Microservice (or microservice architecture) is an architectural style that structures an application as a collection of layers (or services). It can allow developers to design applications by decomposing the application into layers that implement specific functions. The microservice architecture can be suitable for rapid, frequent and reliable delivery of applications that are large and/or complex. The various layers can communicate with each other through standardized application programming interfaces (APIs).

Various aspects of the disclosed subject matter may provide one or more of the following capabilities.

In one implementation, a method includes receiving data characterizing a notification indicative of modification to a first source code of a first layer of a software architecture. The first layer is stored in a first repository of a plurality of repositories of a microservice. The method further includes generating a modified first package including a first computer-executable code generated by at least compiling the first source code and assigning a unique first name to the modified first package. The method further includes transmitting an instruction to a repository manager of a package repository to store the modified first package with the assigned first name in the package repository. The method also includes generating a first modified container image including the modified first package.

One or more of the following features can be included in any feasible combination.

In some implementations, the method further includes executing the first modified container image. The first modified container image further includes a microservice layer including a microservice source code configured to execute source codes in a plurality of packages in the modified container image by at least communicating between one or more packages of the plurality of packages. The plurality of packages includes the modified first package.

In some implementations, the method further includes retrieving at least a second source code of a second layer of the plurality of layers. The method also includes generating a modified second package including a second computer-executable code generated by at least compiling the second source code and assigning a unique second name to the modified second package. The method further includes transmitting an instruction to the repository manager of the package repository to store the modified second package with the assigned second name in the package repository. The method also includes generating a second modified container image including the modified second package and the modified first package.

In some implementations, the method further includes receiving data characterizing a second notification indicative of modification to the second source code of the second layer of the software architecture.

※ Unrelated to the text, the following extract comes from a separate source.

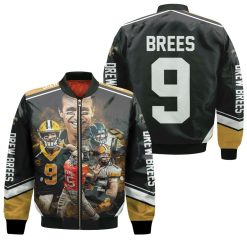 Drew Brees Ins New Orleans Saints Bomber Jacket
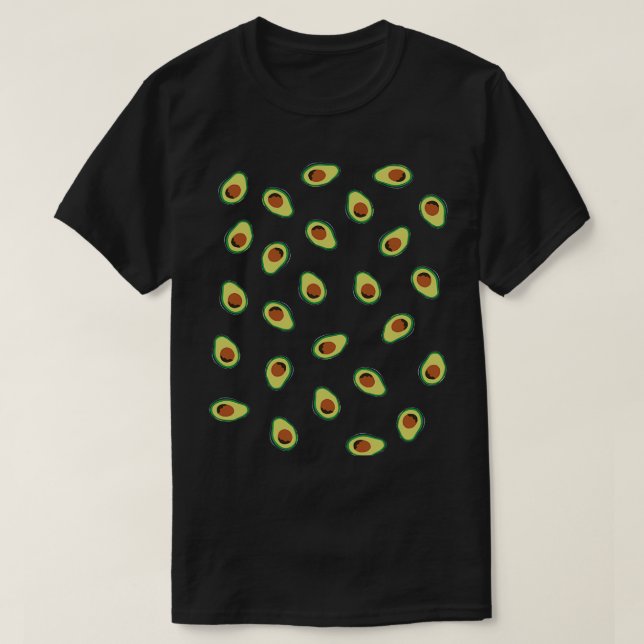 Avocadomuster 13 T-Shirt (Design vorne)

In some implementations, the software architecture includes a plurality of layers including the first layer and the second layer. The first layer is stored in a first repository of the plurality of repositories and the second layer is stored in a second repository of the plurality of repositories.

In some implementations, the package repository is configured to store packages associated with each of the plurality of layers of the software architecture. In some implementations, source code of each of the plurality of repositories is configured to be independently compiled. In some implementations, the method further includes retrieving at least the first source code of the first layer. In some implementations, the software architecture is configured to be executed on a plurality of compute nodes.

These and other capabilities of the disclosed subject matter will be more fully understood after a review of the following figures, detailed description, and claims.

Microservice or microservice architecture can allow for software development by dividing a software architecture into multiple layers or modules (e.g., based on functionality). The source code of the various layers can be interdependent. For example, a first source code (e.g., a class) in a first layer can be dependent on (e.g., call upon) a second source code (e.g., a class) in a second layer, and changes made to the first source code can affect the second source code and vice-versa. The various layers can be stored in the same data repository and can be compiled as a unit to generate a package. This form of dependency can be referred to as tight-coupling. Tight coupling between the layers of the software architecture can render the process of software development on the microservice inefficient. For example, developers may not be able to independently work on the source code of the different layers of a tightly coupled architecture (e.g., independently compile an updated version of the source code of a given layer).

Some implementations of the current subject matter can enable independent handling of the various layers. The source code of the different layers can be independent of each other (e.g., compiled separately). Independent compilation can be achieved, for example, by storing the source code of different layers in separate repositories that can be independently compiled to generate independent packages. For example, each time a developer modifies the source code of a given layer, the modified source code can be compiled to generate a new / modified package that includes computer-executable code associated with the modified source code. The new package can be assigned a unique name and stored in a package repository. Storing the source code for different layers in different repositories can improve the manageability and maintenance of the source code in the various layers. For example, storing the source code of different layers in separate repositories can maintain the integrity of source codes of the different layers when modifications are made to the source code of a given layer. In other words, if a user is modifying the source code of a given layer, modifications to source code of a different layer stored in a second repository can be prevented (e.g., because the user may not have access to the second repository).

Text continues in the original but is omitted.